War Is Peace
The world doesn't have to
choose between the Taliban and the US government. All the beauty of the
world-literature, music, art-lies between these two fundamentalist poles.
Arundhati Roy
Appeared
in Outlook... Oct 18, 2001.
As
darkness deepened over Afghanistan on Sunday, October 7, 2001, the US
government, backed by the International Coalition Against Terror (the new,
amenable surrogate for the United Nations), launched air strikes against
Afghanistan. TV channels lingered on computer-animated images of Cruise
missiles, stealth bombers, Tomahawks, 'bunker-busting' missiles and Mark 82
high-drag bombs. All over the world, little boys watched goggle-eyed and
stopped clamouring for new video games.
The UN, reduced now to an ineffective abbreviation,
wasn't even asked to mandate the air strikes. (As Madeleine Albright once said,
"The US acts multilaterally when it can, and unilaterally when it
must.") The 'evidence' against the terrorists was shared amongst friends
in the 'Coalition'. After conferring, they announced that it didn't matter
whether or not the 'evidence' would stand up in a court of law. Thus, in an
instant, were centuries of jurisprudence carelessly trashed.

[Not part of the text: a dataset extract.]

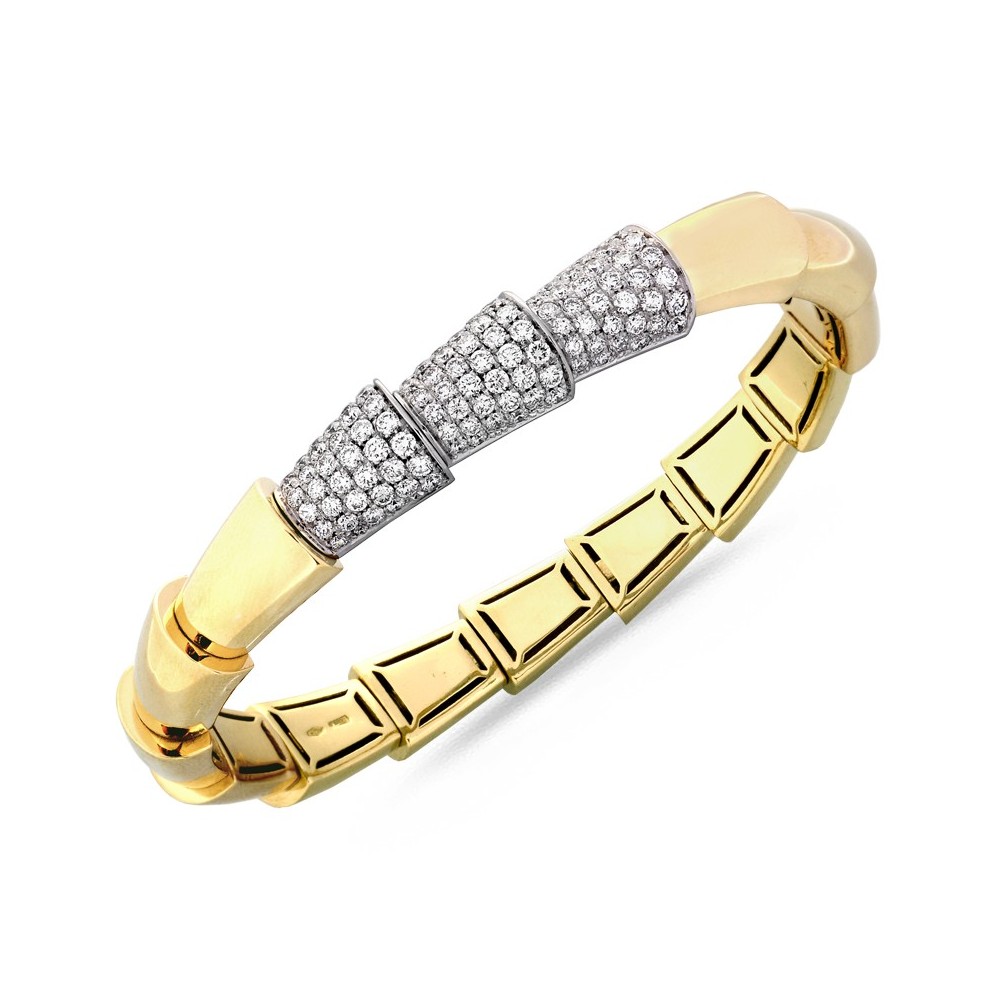 Bracelet SERPENT Diamants 0.79Ct Email Noire en Or Blanc 750 Mill.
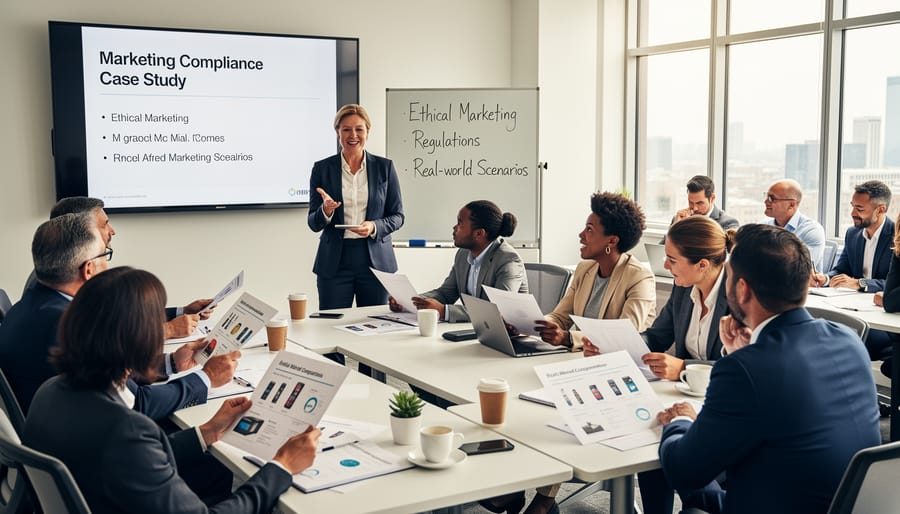 Corporate training session with professionals engaged in compliance discussion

Nothing can excuse or justify an act of
terrorism, whether it is committed by religious fundamentalists, private
militia, people's resistance movements-or whether it's dressed up as a war of
retribution by a recognised government. The bombing of Afghanistan is not
revenge for New York and Washington. It is yet another act of terror against
the people of the world. Each innocent person that is killed must be added to,
not set off against, the grisly toll of civilians who died in New York and
Washington.
People rarely win wars, governments rarely
lose them. People get killed. Governments moult and regroup, hydra-headed. They
first use flags to shrink-wrap peoples' minds and suffocate real thought, and
then as ceremonial shrouds to cloak the mangled corpses of the willing dead. On
both sides, in Afghanistan as well as America, civilians are now hostage to the
actions of their own governments. Unknowingly, ordinary people in both
countries share a common bond-they have to live with the phenomenon of blind,
unpredictable terror. Each batch of bombs that is dropped on Afghanistan is matched
by a corresponding escalation of mass hysteria in America about anthrax, more
hijackings and other terrorist acts.
There is no easy way out of the spiraling
morass of terror and brutality that confronts the world today. It is time now
for the human race to hold still, to delve into its wells of collective wisdom,
both ancient and modern. What happened on September 11 changed the world
forever. Freedom, progress, wealth, technology, war-these words have taken on
new meaning. Governments have to acknowledge this transformation, and approach
their new tasks with a modicum of honesty and humility. Unfortunately, up to
now, there has been no sign of any introspection from the leaders of the
International Coalition. Or the Taliban.
When he announced the air strikes, President
George Bush said, "We're a peaceful nation." America's favourite
ambassador, Tony Blair, (who also holds the portfolio of Prime Minister of the
UK), echoed him: "We're a peaceful people."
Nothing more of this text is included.